As its core business of selling software licenses continues to shrink, Oracle has been beefing up its cloud business, most recently though the $9.3 billion acquisition of NetSuite, to take on nimbler rivals such as Workday Inc WDAY.N and Salesforce.com Inc (CRM.N).
Revenue from Oracle’s cloud software- and platform-as-a-service surged 81 percent to $878 million, slightly less than expected. Its total cloud business revenue jumped 62 percent to top $1 billion in quarterly sales for the first time.
“Oracle has now passed salesforce.com and become number one in SaaS cloud applications sales to customers with over 1,000 employees,” Oracle CEO Mark Hurd said in a statement, citing market research firm IDC.
Still, Oracles’ cloud revenue was about one-ninth of total revenue. Its higher-margin traditional software business continued to suffer, with revenue falling a bigger-than-expected 19.7 percent to $1.35 billion in the quarter.

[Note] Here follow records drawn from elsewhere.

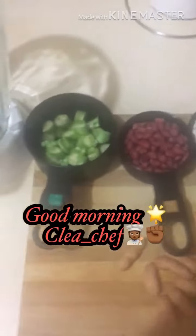Good morning friends and family, clean chef day once again. Good morning to you all. This morning we have left — we have some okra punch.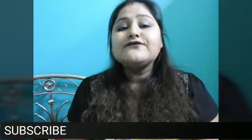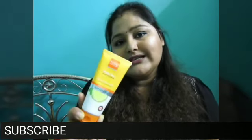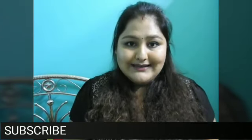All the details are written on the back side. It is priced at rupees 225 for 100 grams of product and has a shelf life of three years. The company claims it contains cucumber extracts which have anti-inflammatory agents, so the main ingredient is cucumber. It also has pineapple, almonds, tomato, mulberry, aloe vera, and many other natural ingredients.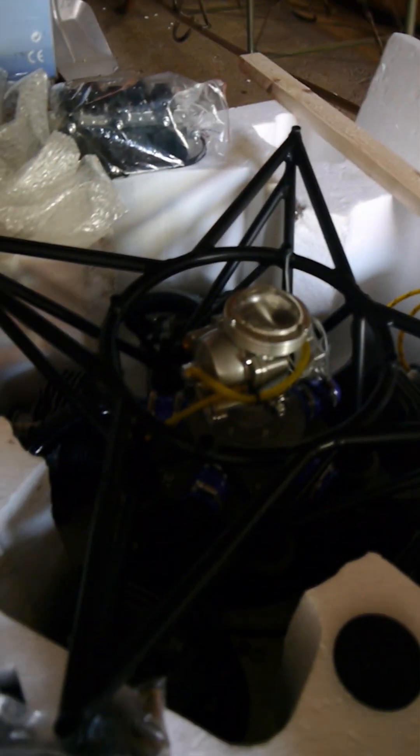Here the engine is still in its crate. Let's see — it fits here.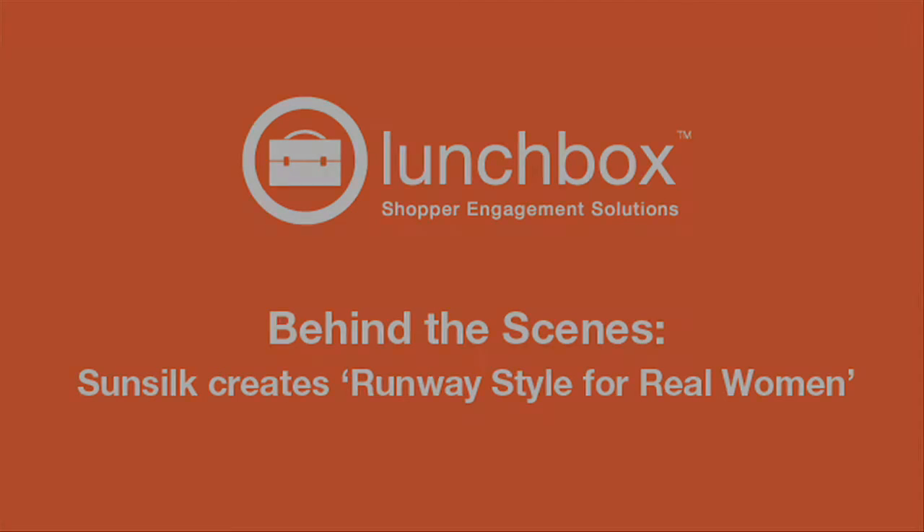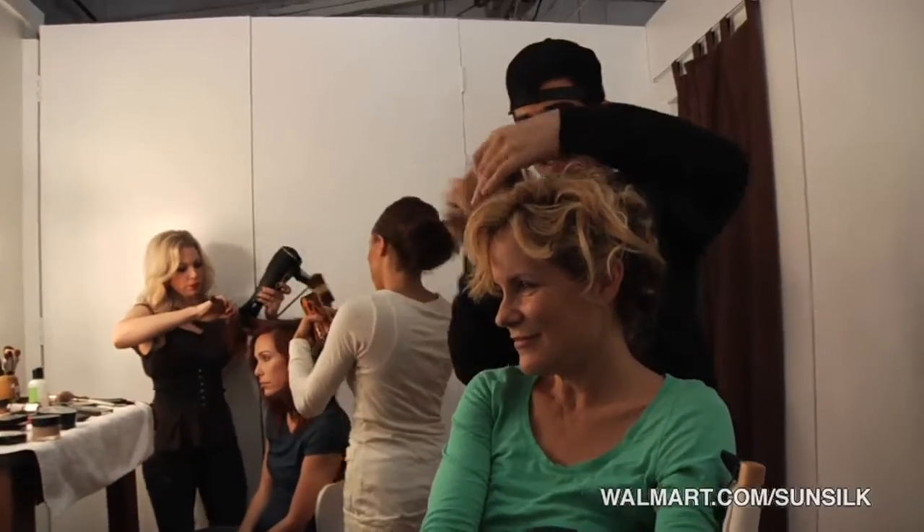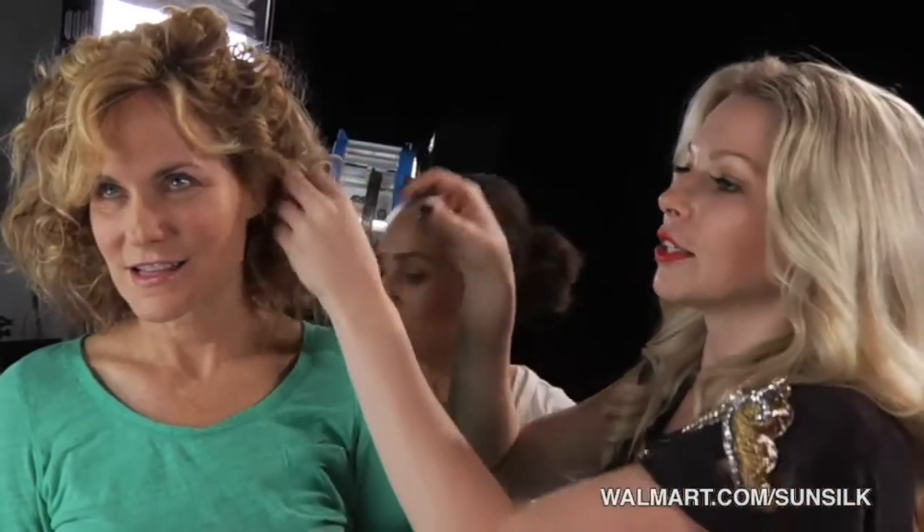Sunsilk ringlet curls, take one. She has gorgeous hair for any look. This hairstyle is great for fine hair. It can be teased into bigger hair, and also really thick and wiry hair like hers.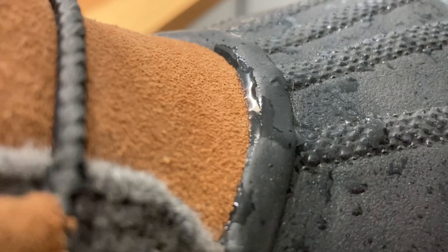So in the end, this boot gets our full endorsement. It is durable, lots of traction, lots of insulation, completely waterproof, and incredibly sexy. I hope this video has helped you out.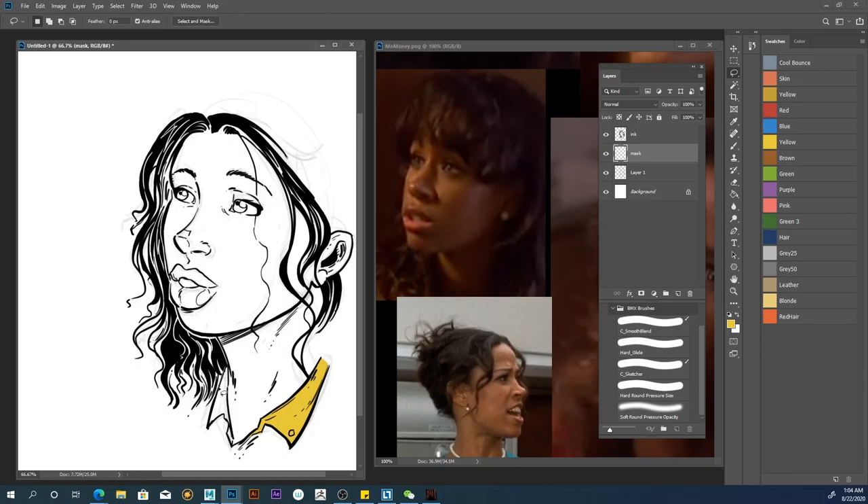I do like having a mask — I think it makes things easier when later on you just want to add a few things here or there and adjust something ever so slightly. As with anything, the more careful you are the better the result is going to be.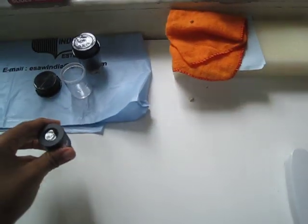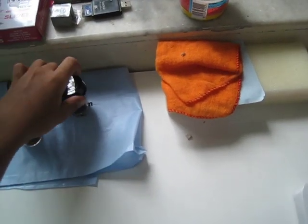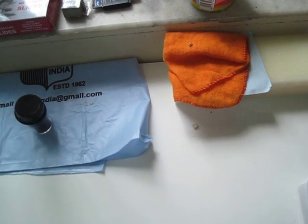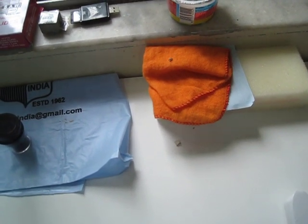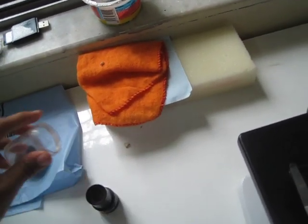So let's try another eyepiece. This is the 15x wide field eyepiece. Wow, look at this!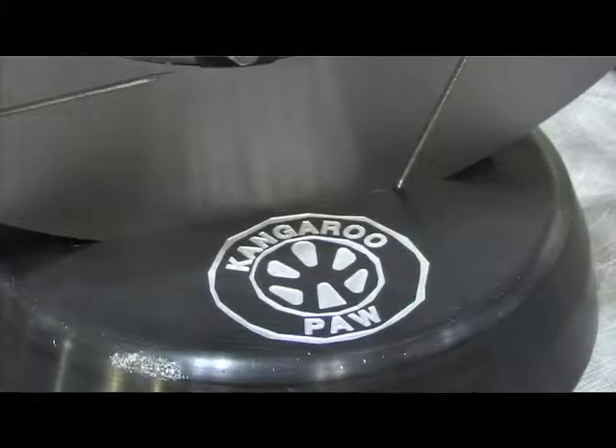Now how does the kangaroo paw design help make it better? Well, because there's more surface area internally, it runs cooler. And the rotation of the wheel then directs the airflow. So that's the key element to it all.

Hardware revenue fell 10 percent to about $1 billion.
The Redwood City, California-based company’s total adjusted revenue inched up 0.8 percent to $9.07 billion. On a constant currency basis revenue growth would have been 2 percent.
Its profit fell 8 percent to $2.03 billion. Excluding items, it earned 61 cents per share.
Analysts on average were expecting revenue of $9.12 billion and a profit of 60 cents per share, according to Thomson Reuters I/B/E/S.
Oracle said its adjusted profit per share would have been 2 cents higher if it were not for the strong dollar and the Egyptian currency exchange loss.
The company forecast current-quarter adjusted earnings of 61-64 cents per share and revenue growth of between 3-5 percent, compared with analysts’ estimates of a profit of 64 cents and revenue growth of 2.6 percent.
“As we get bigger in the cloud, we grow faster in the cloud,” said CEO Safra Catz, who will join U.S. President-elect Donald Trump’s transition team. She will remain at Oracle.